# What the task requires:
Within the entries below, please return exactly the lines from the one with "Apis Hydro Balance" through the one with "How Social Media", leaving out any pictures.

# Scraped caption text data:
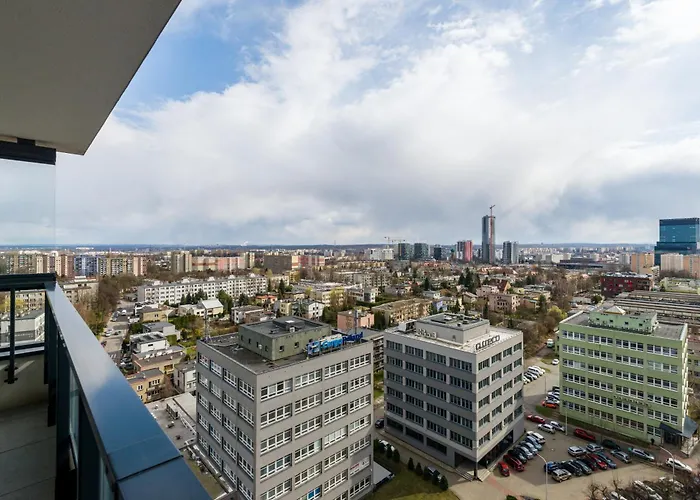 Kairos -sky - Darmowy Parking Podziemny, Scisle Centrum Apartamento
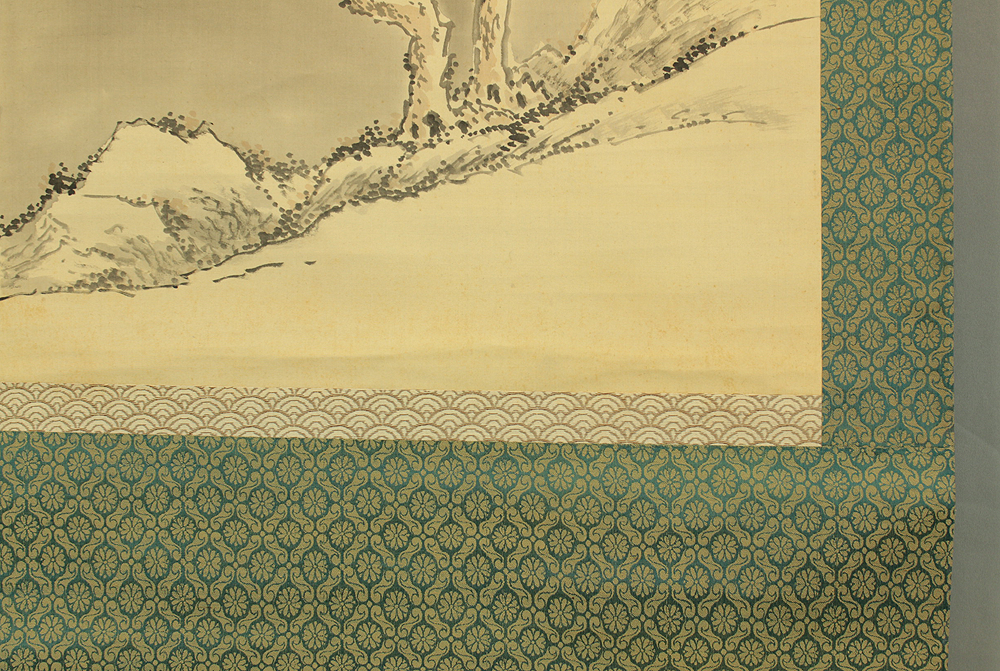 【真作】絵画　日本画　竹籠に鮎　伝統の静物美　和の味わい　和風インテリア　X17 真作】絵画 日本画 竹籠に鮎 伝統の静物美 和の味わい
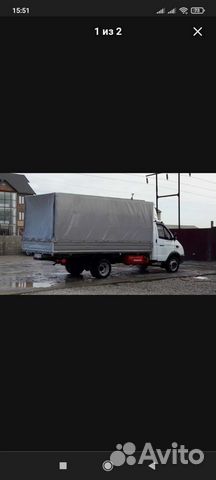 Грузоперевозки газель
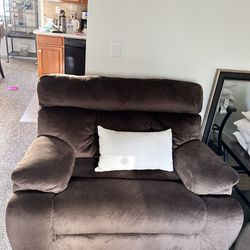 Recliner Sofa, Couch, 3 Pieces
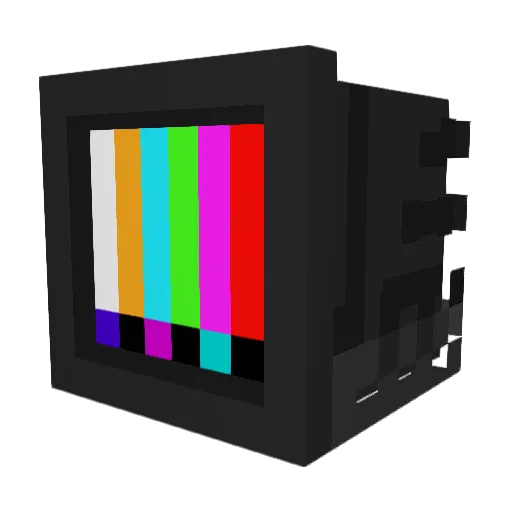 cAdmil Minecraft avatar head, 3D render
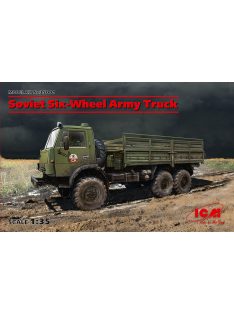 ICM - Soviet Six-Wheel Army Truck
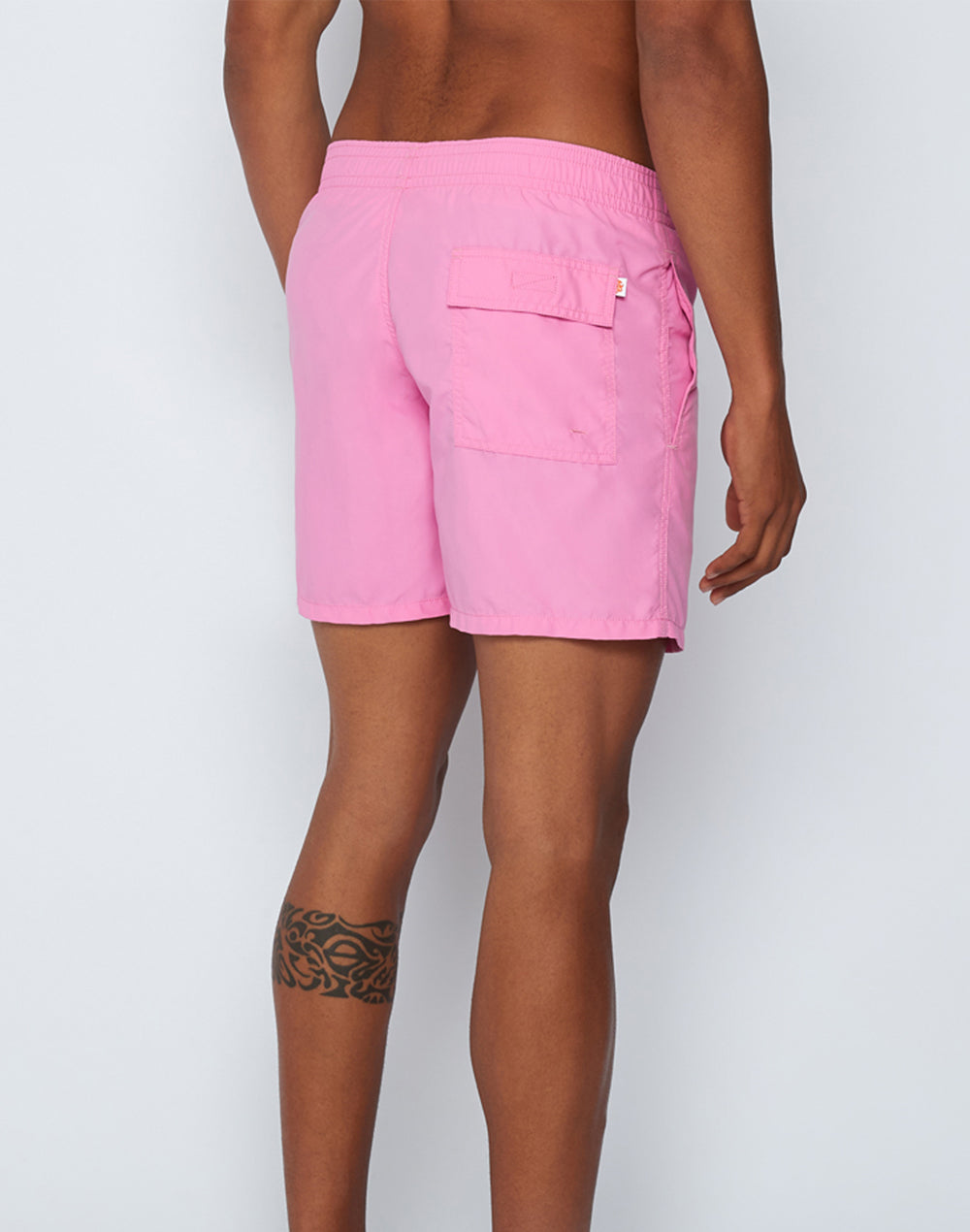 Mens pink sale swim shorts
==
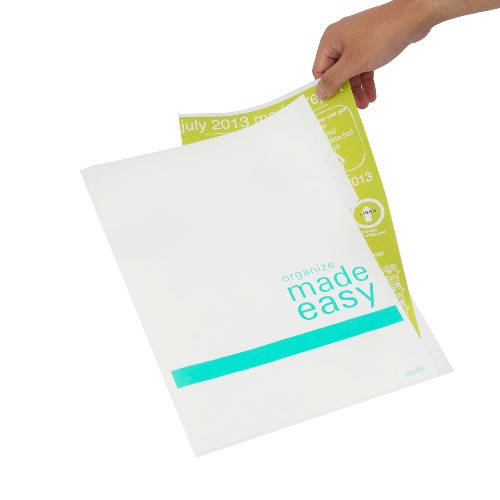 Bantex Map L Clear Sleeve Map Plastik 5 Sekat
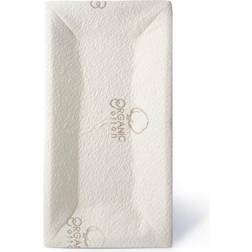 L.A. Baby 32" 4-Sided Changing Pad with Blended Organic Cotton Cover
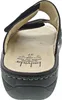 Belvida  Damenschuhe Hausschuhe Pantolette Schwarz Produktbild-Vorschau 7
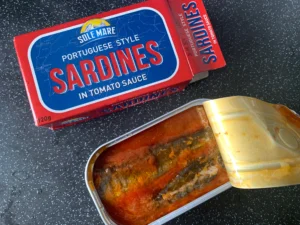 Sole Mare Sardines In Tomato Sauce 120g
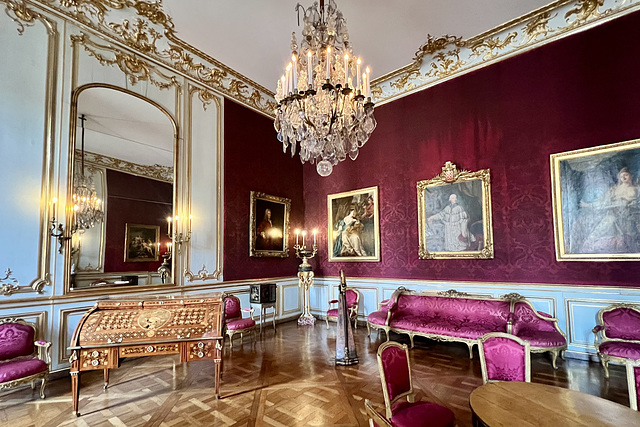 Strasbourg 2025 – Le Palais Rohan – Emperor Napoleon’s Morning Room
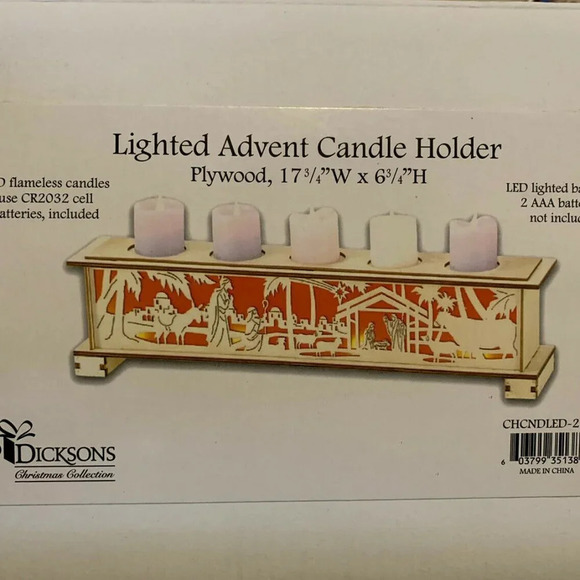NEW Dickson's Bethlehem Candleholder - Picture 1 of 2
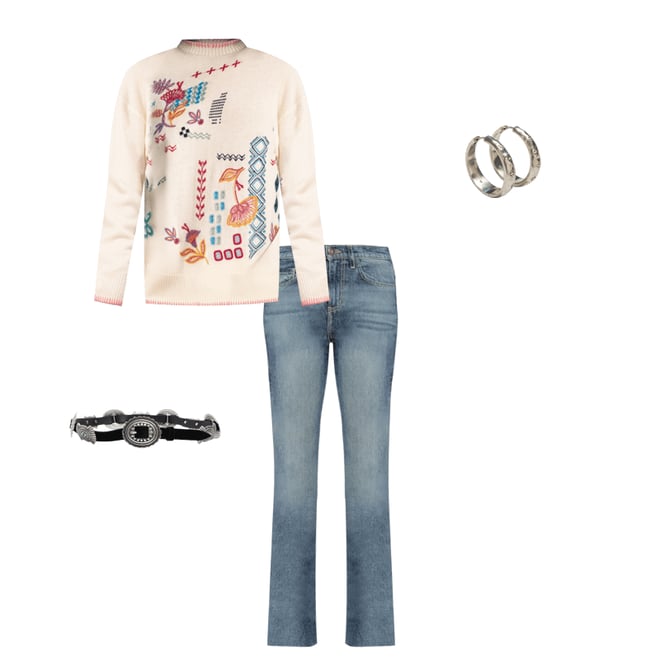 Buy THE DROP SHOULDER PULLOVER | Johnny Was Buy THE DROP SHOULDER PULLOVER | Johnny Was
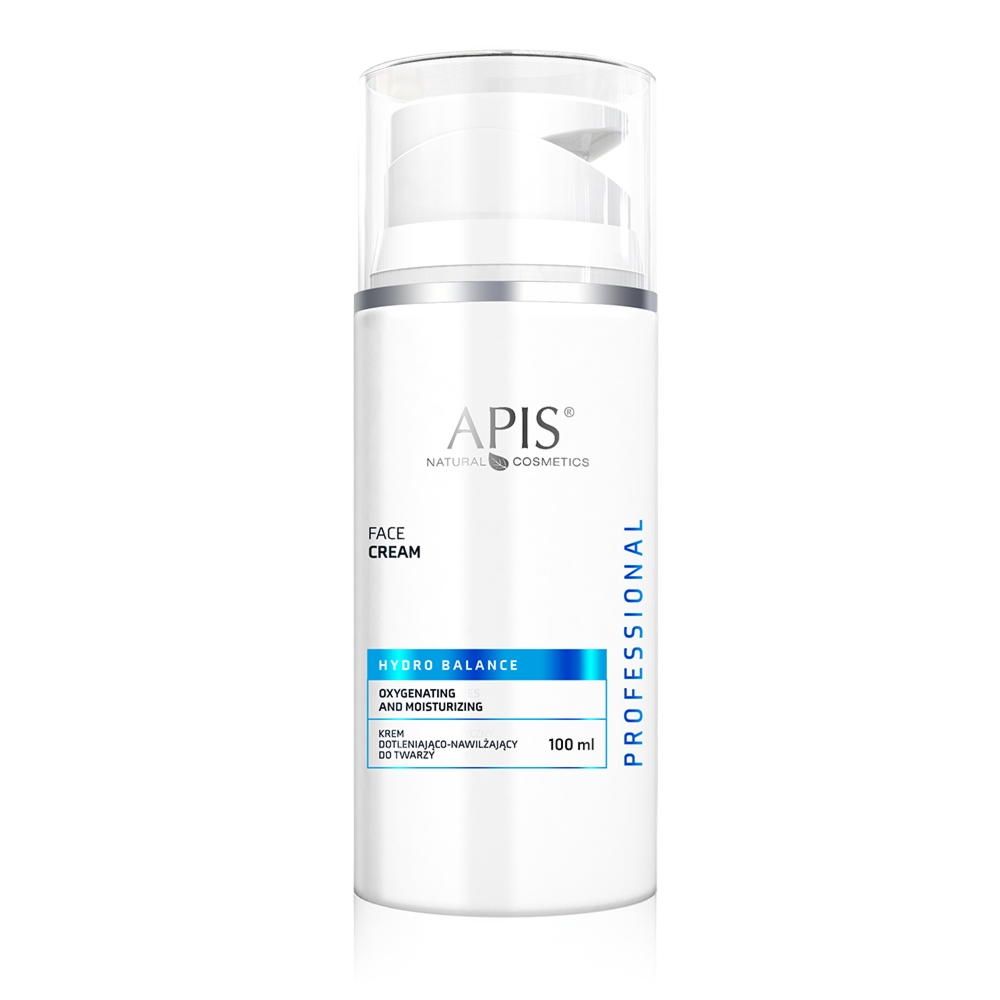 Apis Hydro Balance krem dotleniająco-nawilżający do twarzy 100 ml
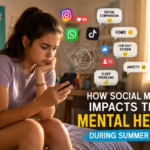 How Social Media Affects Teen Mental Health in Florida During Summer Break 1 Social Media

# Exercise result:
 Apis Hydro Balance krem dotleniająco-nawilżający do twarzy 100 ml
 How Social Media Affects Teen Mental Health in Florida During Summer Break 1 Social Media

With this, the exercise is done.